I don't know why this video wasn't here yet.


----------



## abunickabhi (Aug 15, 2018)

Excellent video! Good personalization , with following stories of a few people close-up!
I like Kit and Max.


----------



## GenTheThief (Aug 15, 2018)

I cracked up when it said narrated by Feliks Zemdegs--it reminded me of a school nature documentary that was narrated by Liam Neeson.

Great video, Chris!


----------



## lucarubik (Aug 15, 2018)

I saw it a couple of days ago, first i thought it was too slow, probably cause i already know why I cube, but when it got more personal i really enjoyed it. fine work


----------



## AvGalen (Aug 17, 2018)

Very well made video, although I preferred watching it at double speed. This made me want to learn more about Phil Yu and The Cubicle.

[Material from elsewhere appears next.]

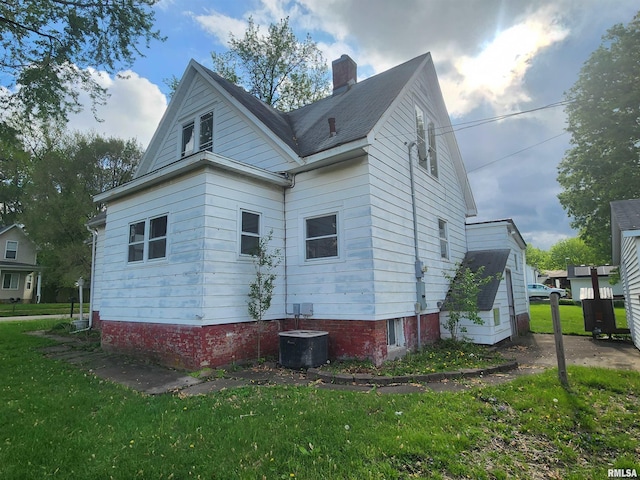back of house featuring a lawn, a chimney, and cooling unit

Also, 37:59 should be a meme!


----------



## pjk (Aug 20, 2018)

Agreed, well made video, thanks for sharing.


----------



## 1001010101001 (Aug 20, 2018)

'Thanks moyu for the car!!!'


AvGalen said:


> Very well made video, although I preferred watching it at double speed. This made me want to learn more about Phil Yu and The Cubicle.
> 
> Also, 37:59 should be a meme!


----------



## AvGalen (Aug 20, 2018)

1001010101001 said:


> 'Thanks moyu for the car!!!'


YouTubes time-linked url's can be a bit inprecise. I was referring specifically to "Moyu Money"


----------



## cubeshepherd (Feb 27, 2019)

In case you have not yet seen the attached video, I wanted to share with all that the "why we cube" video just won a Film Festival, so huge congratulations to Chris (a.k.a CYOtheking) on this great accomplishment and well done to all that help with the video in which ever way they did. It is really cool to see the video get so much like and to have won. Great job once again!


----------



## abunickabhi (Mar 1, 2019)

Congrats to Chris on winning the Film Festival yo!


----------



## GenTheThief (Mar 1, 2019)

When I first saw the video title I thought that it was going to be an in depth explanation on Why "We Cube" won a film festival.


----------